Obamacare's Mismanagement Problem
The health care law's implementation has been marked by missed deadlines and general bureaucratic ineptitude.

On Monday, the Department of Health and Human Services released a video touting its latest big promise on Obamacare: The health law's exchanges will be ready on time—at least, that is, the parts that haven't already been delayed.
That's really all it had to say. The video, which has the forced-fun feel of an intro to a low-budget corporate training video, highlighted a handful of health law deadlines that had already been met, and insisted, yet again, that its insurance exchanges would open for enrollment in October as planned.
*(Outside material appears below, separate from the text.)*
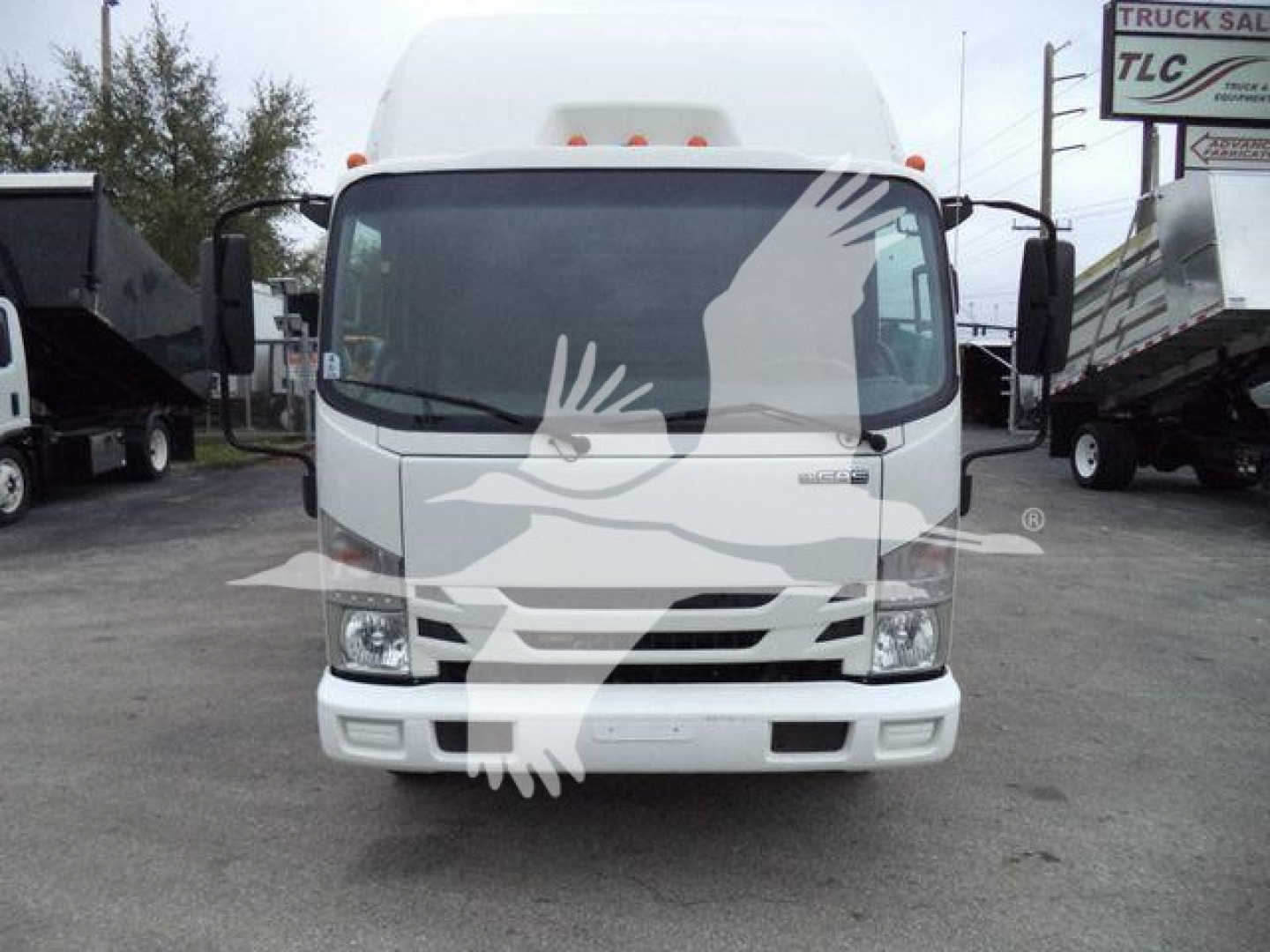 Isuzu NPR truck front view showing cab with large windshield and headlights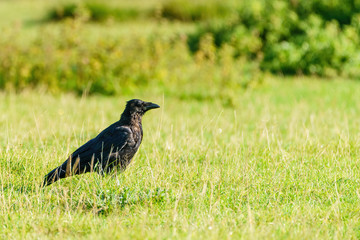 Carrion crow (Corvus corone), taken in the UK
The intended message: We're on schedule. We can make this work.
Talk about lowering the bar for success. As anyone who's ever worked on a project with an important deadline knows, when someone starts insisting that everything will come in on time, really, trust me, it's usually because the work isn't going as planned—especially on project that's been rife with shoddy management and missed deadlines.
The real message of the HHS video is that the agency desperately wants people to think it is on schedule and can make the law work. And it understands that as it stands, its work, and the weight of the available evidence, suggests otherwise.
But despite the administration's messaging efforts, news in the days that followed did little to dispel the perception that the Obama administration may not be up to the task of implementing the law. That's not an unusual turn of events. So far, the law's implementation has been marked by missed deadlines, mismanagement, and general bureaucratic ineptitude.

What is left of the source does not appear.